Portugal involved in Europe-wide horse meat scandal

horsePortugal has been involved in a pan-Europe horse meat scandal which Europol has just smashed.

Spain’s Guardia Civil, working with Europol, has dismantled an organised crime ring that was trading horse meat across Europe - meat that was unfit for human consumption and contained drugs.

The operation involved police in Portugal, Belgium, France, Italy, Romania, Switzerland and the United Kingdom.

In Spain, gang members were arrested for animal abuse, document forgery, perverting the course of justice, public health crimes and money laundering.

The alert was raised five years ago in Ireland where beef burgers containing horse meat and tainted with the anti-inflammatory drug phenylbutazone, were detected by the authorities.

Meat companies, frozen food companies and fast-food companies were caught up in the investigation which led to the identification of a Dutch citizen, whereabouts unknown.

In the summer of 2016, Guardia Civil’s Environmental Protection Service started 'Operation Gazel' after unusual behaviour was detected in horse meat markets. Officers spotted that the scam involved horses in bad shape and categorised as "not suitable for consumption" were being slaughtered in two different slaughterhouses.

The animals were acquired in Portugal and northern Spain. The meat was processed in a factory in Spain and then exported to Belgium - one of the biggest horse meat traders in the EU.
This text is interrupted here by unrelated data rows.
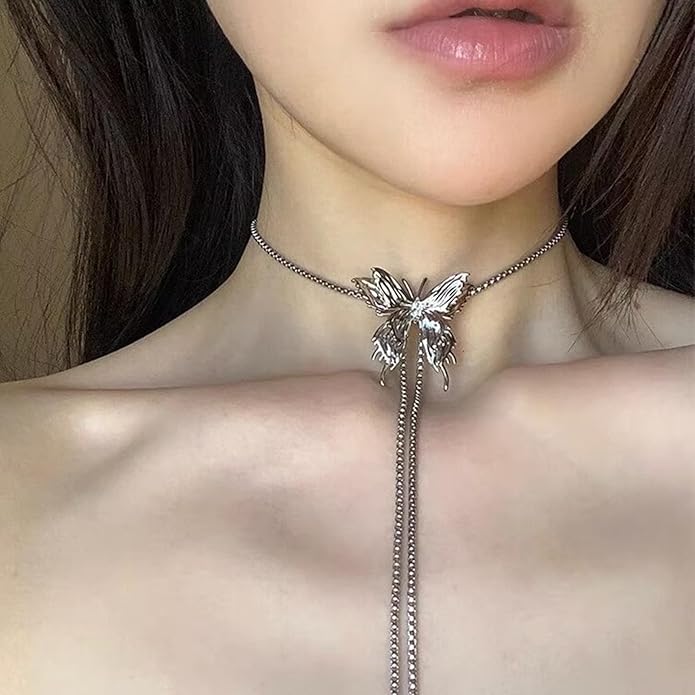 Irregular Y2k Long Y-shaped Necklace with Zircon Inlaid Sparkling Brick Tassel Pendant Double-Layer Chain High-end Fashion Accessory Women's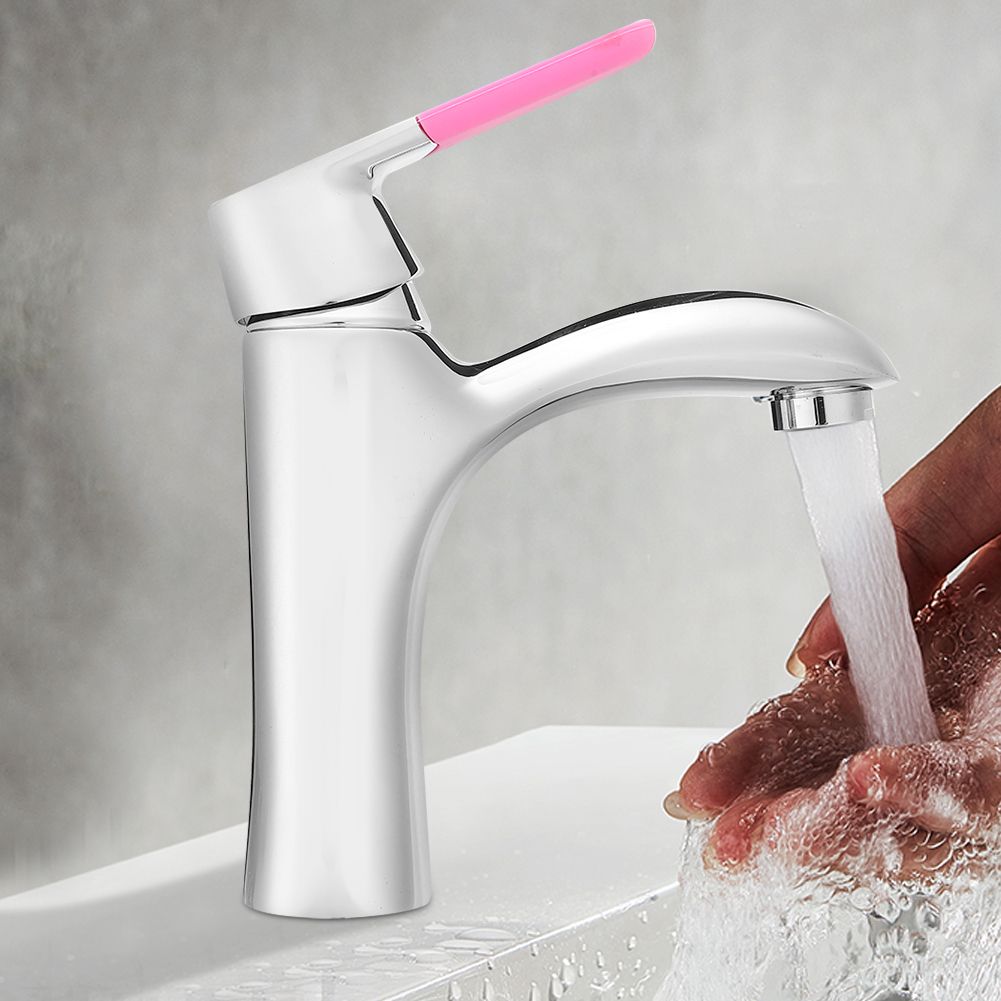 Modern and Simple Style Copper Undercounter Basin Faucet Hot and Cold Water view 3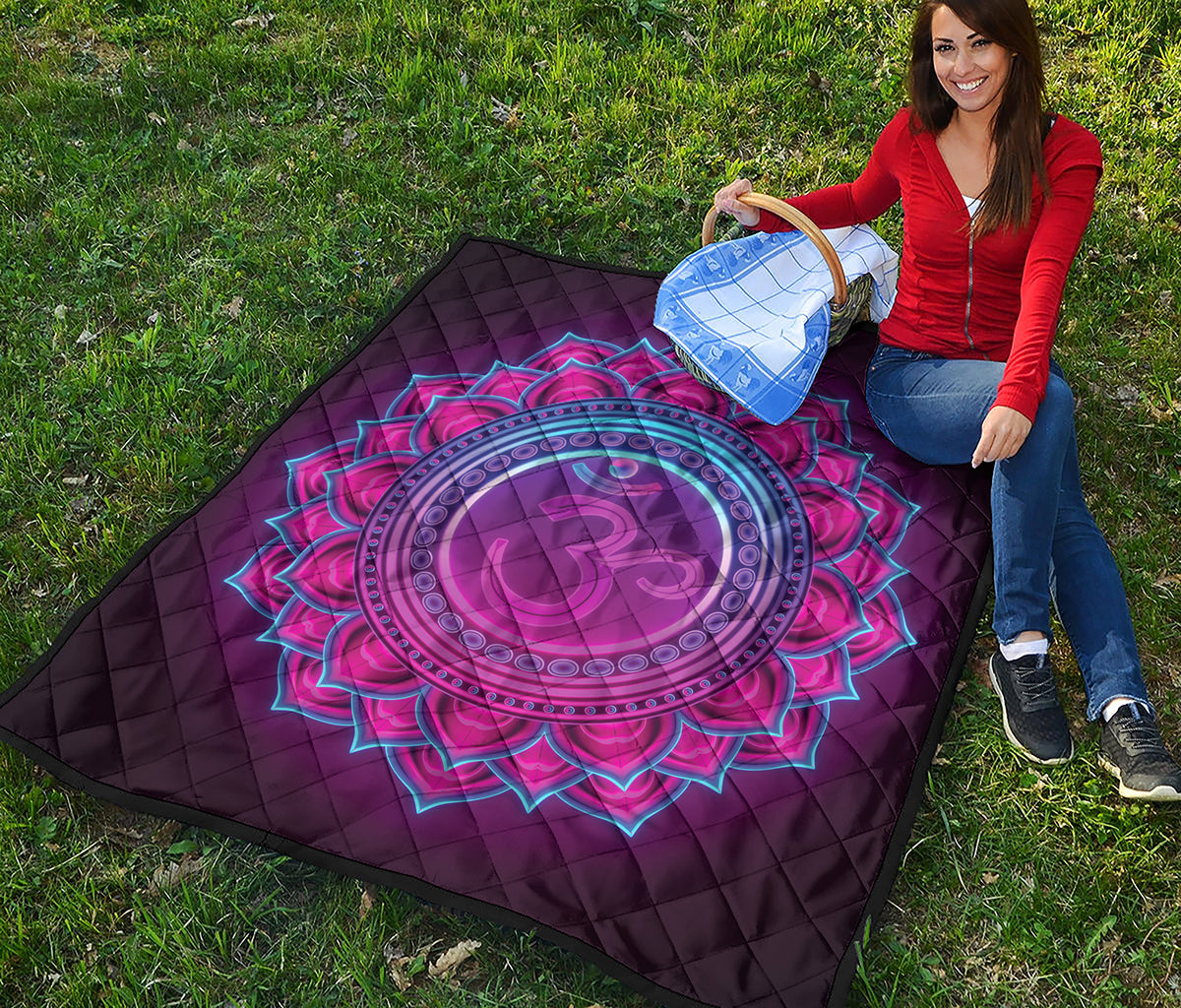 Purple And Teal Om Mandala Print Quilt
The gang forged the animals’ identification by modifying microchips and documents.

The Dutch businessman was found to be operating his network from Calpe, Alicante but investigators reckoned the Spanish office was but a small part of the overall structure he controlled.

Interpol, using local police forces, swooped and arrested the leader of the gang in Belgium with 65 further arrests made in Portugal and other European countries with bank accounts and properties blocked or seized, and five luxury cars impounded.

During searches at slaughterhouses and other animal handling facilities in Spain, several samples were analysed and the results concluded that the unfit, ‘not suitable for consumption,’ horsemeat that had been exported had originated from Spain.

The last horse meat scandal erupted in the UK and Ireland in January 2013 when horse DNA was identified in frozen burgers being sold by several supermarkets.

The subsequent recall of 50,000 tonnes of meat products across Europe was one of Europe’s largest food scandals.